Pick the word from the list that doesn’t belong:

mathematics      auto repair         socialism          Christianity

Most people, I think, would pick auto repair. It’s easy to understand why. They think of the other three as groups of ideas that involve the mind. Auto repair is different; it takes intelligence but also a skilled pair of hands. I think that many people might see auto repair as operating on a different level from the other three things. It’s more down to earth, less theoretical and more practical.

The interesting  thing about the little test above isn’t what   it reveals about how people think of auto repair. What’s interesting is what it shows about how people think of Christianity. They tend to think it’s mainly a matter of the mind. It’s about words and ideas, not things. So for many it’s in the same category as a discipline like mathematics or a philosophy like socialism. For some it’s just another subject on the long list of religious “isms” in the world. Sadly, that means that people think of Christianity as something more theoretical than practical. To them it’s something far removed from the everyday world. It may be handy at a few crucial moments in life, but it can safely be ignored the rest of the time. People seem to get along fine without it.

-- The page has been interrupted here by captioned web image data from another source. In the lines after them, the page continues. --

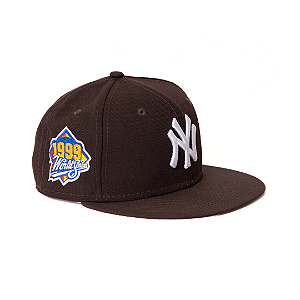 NEW ERA - Boné New York Yankees 1999 World Series "Marrom" -NOVO-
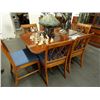 Image 1 : Mahogany Drop Leaf Dining Table w/6 Chairs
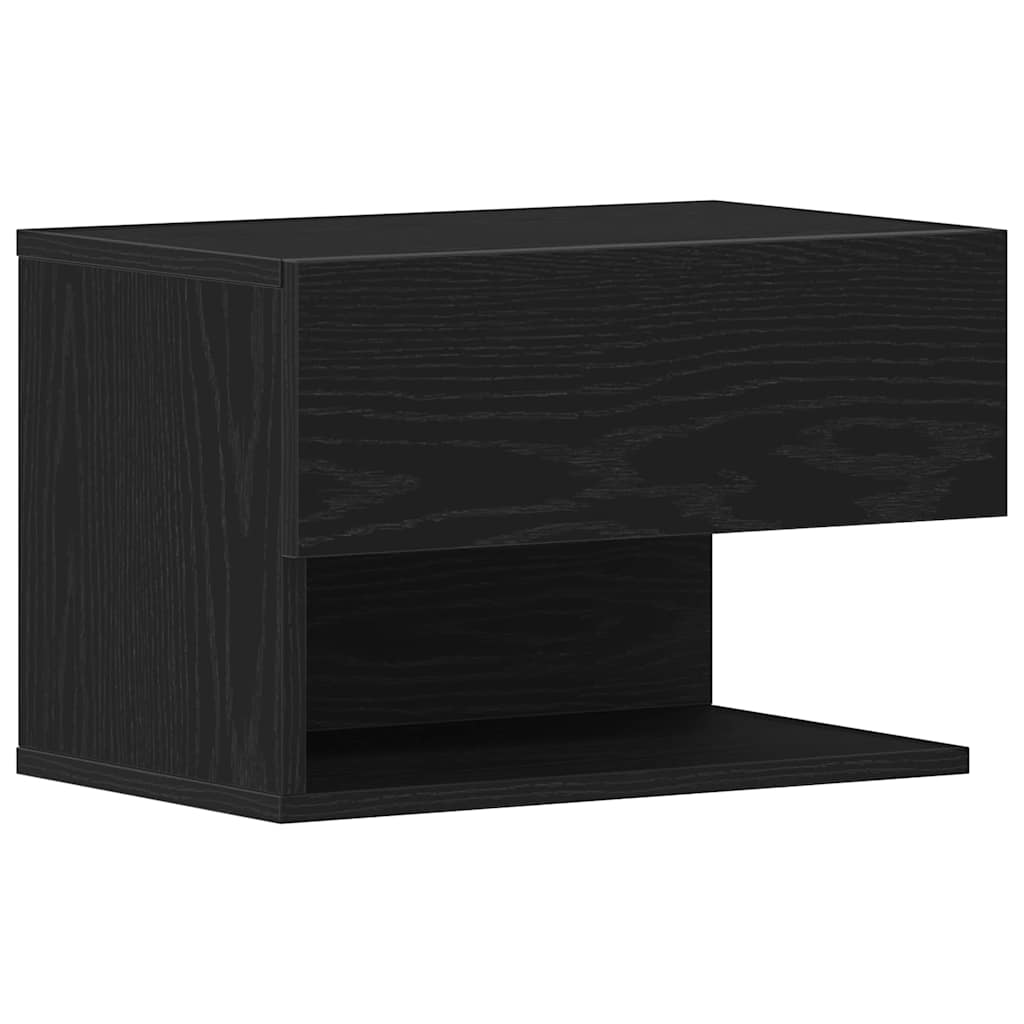 Natskab Sort eg 46 x 30 x 30 cm Konstrueret træ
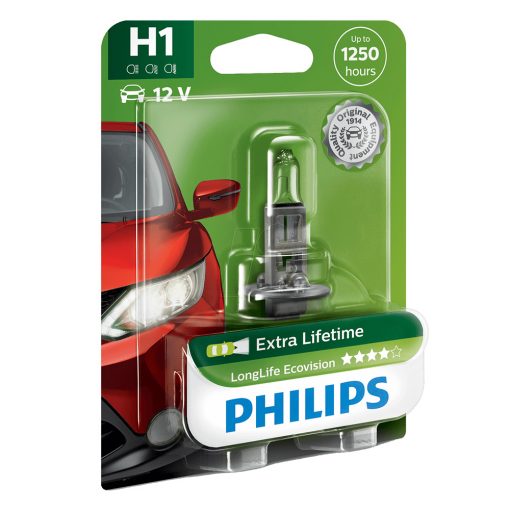 Philips H1 Long Life EcoVision 12V 55W - blister 1ks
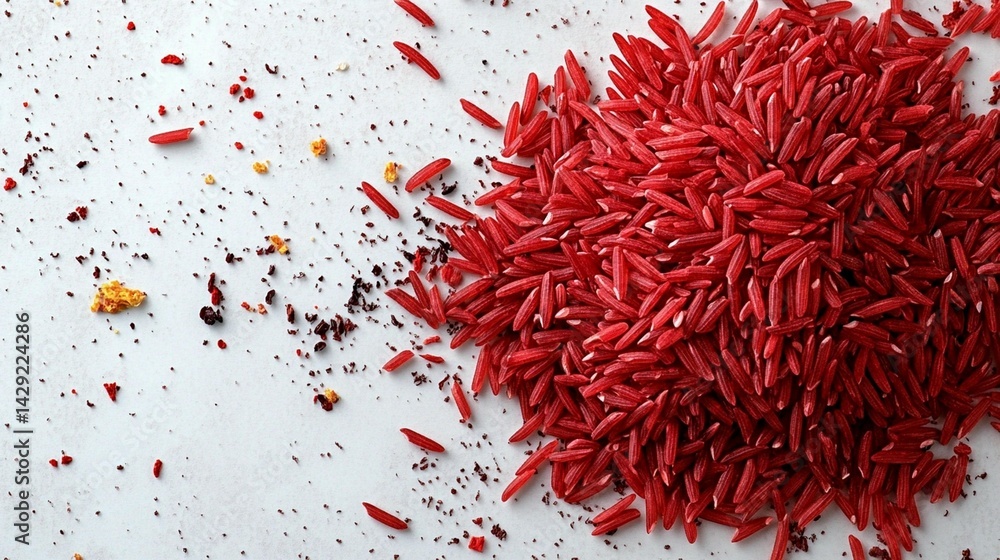 Naklejka premium Bold red and white abstract design high impact visual contrast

Christianity is all about such simple, humble things as eating bread and drinking wine.

It’s almost as if the Lord Jesus foresaw all this. Before his death, he instituted something that removes Christianity completely from the list of religious “isms” in the world and makes it far more than another set of ideas. Something, in other words, that makes Christianity less like mathematics and more like auto repair.

Before his death, Jesus took bread, broke it, gave it to   his disciples, and said, “Take; eat. This is my body, which is given for you.” Then he took a cup of wine, gave it to them, and said, “Take; drink. This is my blood, shed for you for the forgiveness of your sins. Do this in remembrance of me.”

In the Lord’s Supper, Jesus is not some vague, abstract idea. He comes “in, with, and under” the bread and wine. The disciples of Jesus take bread and eat it together. They take wine and drink it together. When they do, Jesus gives them his body and blood—and with them, the forgiveness  of all their sins. Through the simple, down-to-earth, physical act of eating bread and drinking wine, Jesus gives his followers the forgiveness of sins, life, and salvation— blessings that constitute the heart of the gospel.

You see, Christianity is all about such simple, humble things as eating bread and drinking wine. Christianity does not belong only to the world of words and ideas but also      to the world of things. In our everyday world of words and “isms,” Jesus has given us something practical to help us cling to his promises.